Op I think one of the difficulties here is you're conflating the issue of these specific neighbours with the neighbouring property in general. You want your neighbours to use their front door, you wanted to petition to get them to move, you think they're taking the piss with the access and how they behave generally.

A HA could take action against your neighbours if their actions went so far as to constitute abuse or harassment, although what you've described so far sounds a bit tit for tat. However any action the HA takes would not be about the easement. The easement is attached to the property, not the specific neighbours. If that easement is in place, it is a big deal to change that permanently.

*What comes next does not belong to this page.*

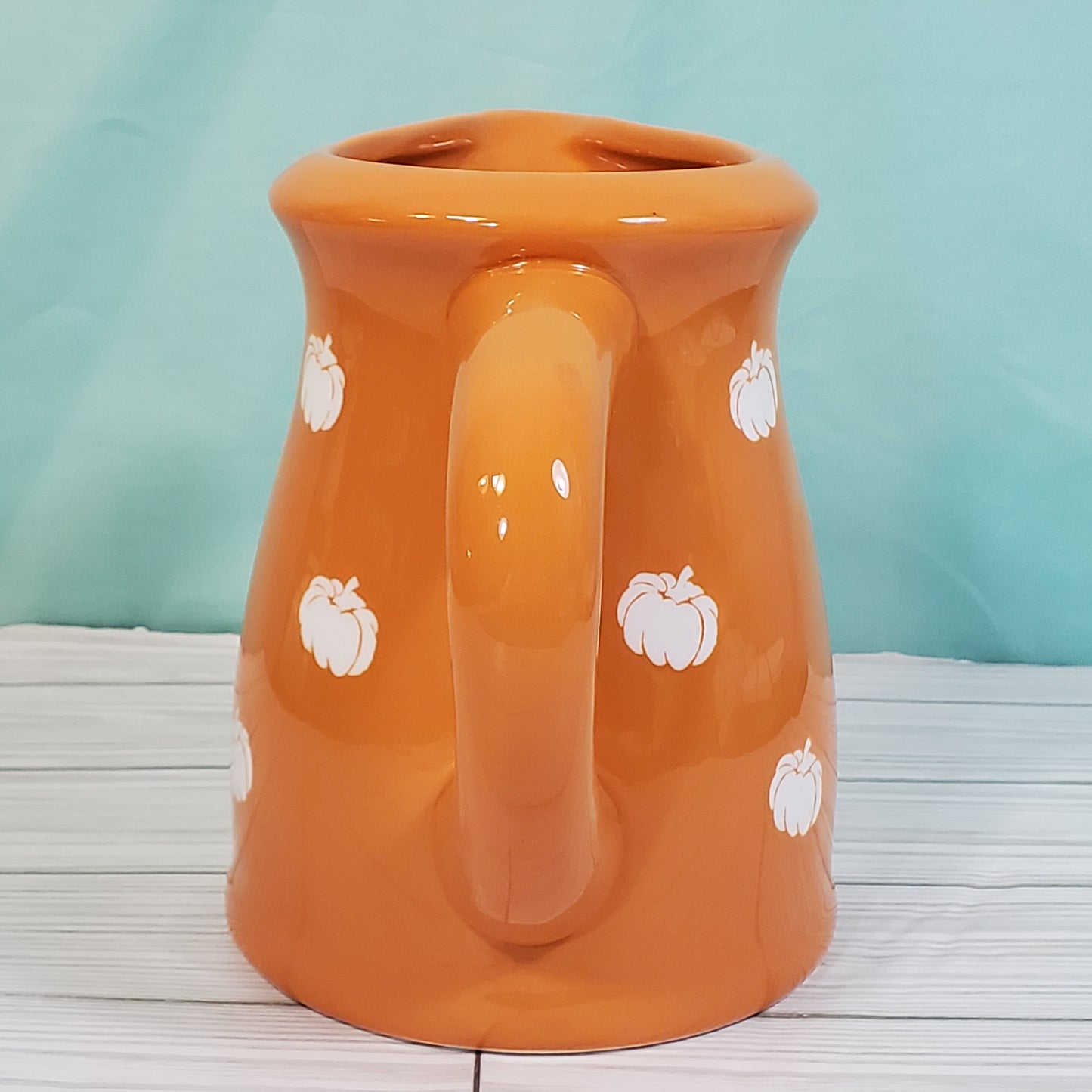 Terramotto Ceramic 40 oz Dark Orange Fall Pitcher with White Pumpkin Motif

It exists for a reason (however spurious you may think it is) and as far as the HA are concerned, it is a condition of the property and something you agreed to when buying the neighbouring property.

You can't block/lock/put barriers in to the access. It doesn't matter that you own the land. You purchased it with a specific condition attached to it.

I'm sorry to be blunt and I know how stressful it can feel (having lived in multiple places with various easement/access arrangements) but I think you're tying yourself up in knots trying to find a way of getting around the legalities. You really have two choices - accept it and find a way to live with it, or decide you can't accept it, chalk it up to experience and look for a property that better suits your needs. I know neither are easy, but there aren't any alternatives.

Chesure · 25/10/2022 12:58

You can still build a garage to the side but not attach it to your house. That way you create a narrow alley for them to use at the side but you can then fence off to the far boundary, for security.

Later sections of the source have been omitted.